## Work to be completed
When you copy the data, keep every line exactly as written and skip the pictures.

## Material provided
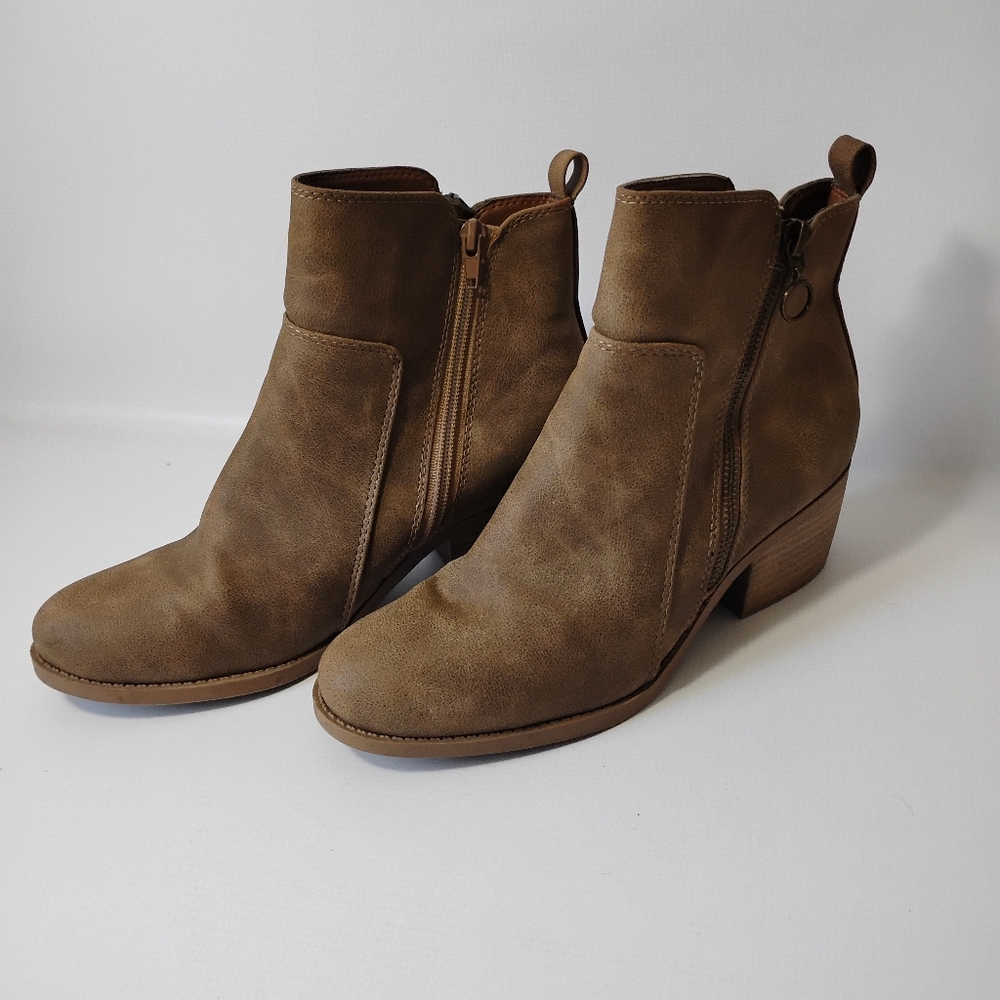 City Classified Women’s Size 8.5 Tan Faux Suede Heeled ZipUp Ankle Boots/Booties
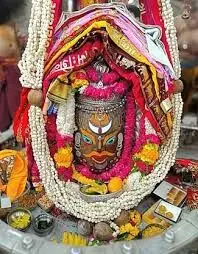 मस्तक पर चंद्रमा और गले में मखाने की माला, आज भस्म आरती में निराले स्वरूप में सजे बाबा महाकाल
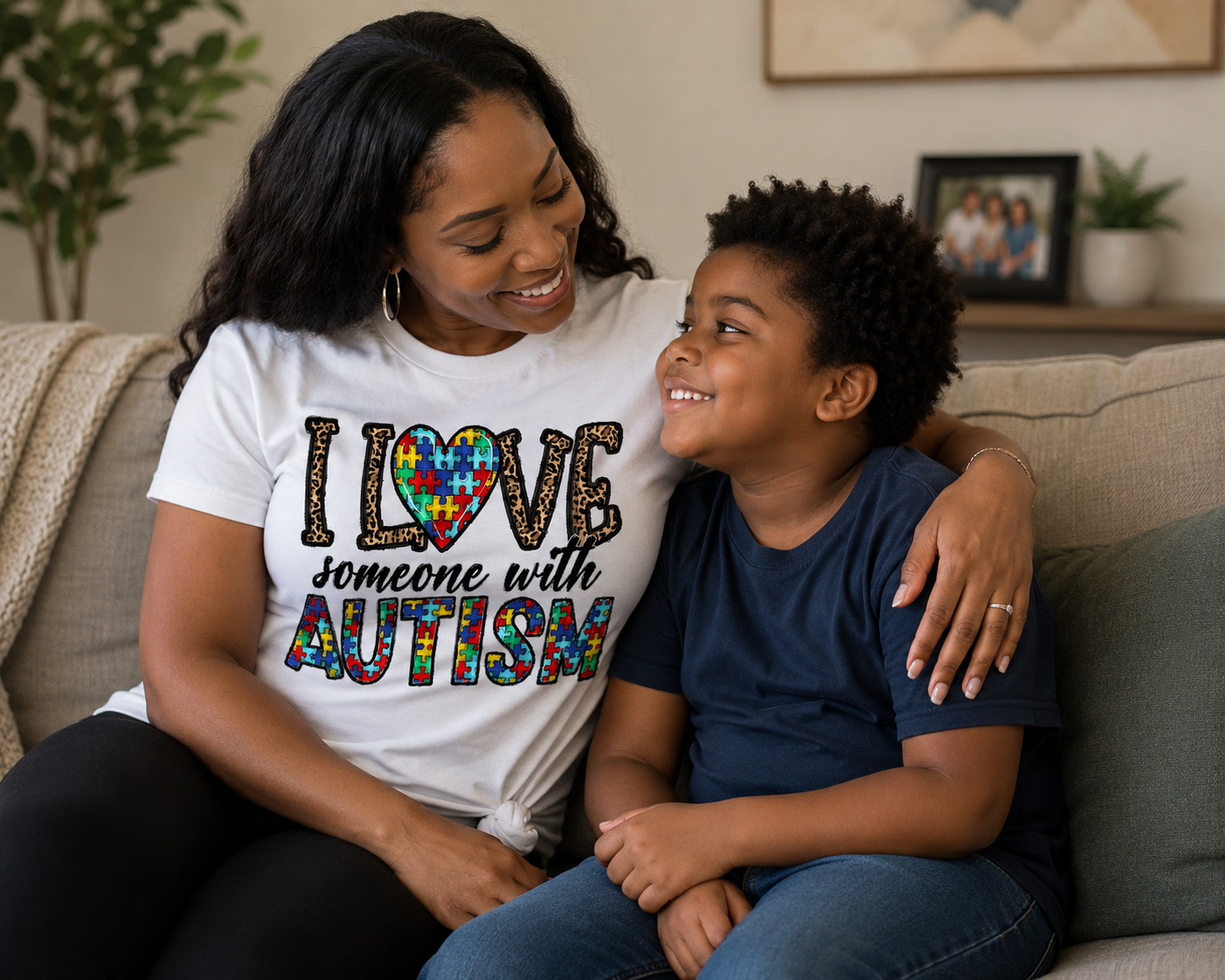 I Love Someone with Autism (Cheetah) Tee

## Response to this task
 City Classified Women’s Size 8.5 Tan Faux Suede Heeled ZipUp Ankle Boots/Booties
 मस्तक पर चंद्रमा और गले में मखाने की माला, आज भस्म आरती में निराले स्वरूप में सजे बाबा महाकाल
 I Love Someone with Autism (Cheetah) Tee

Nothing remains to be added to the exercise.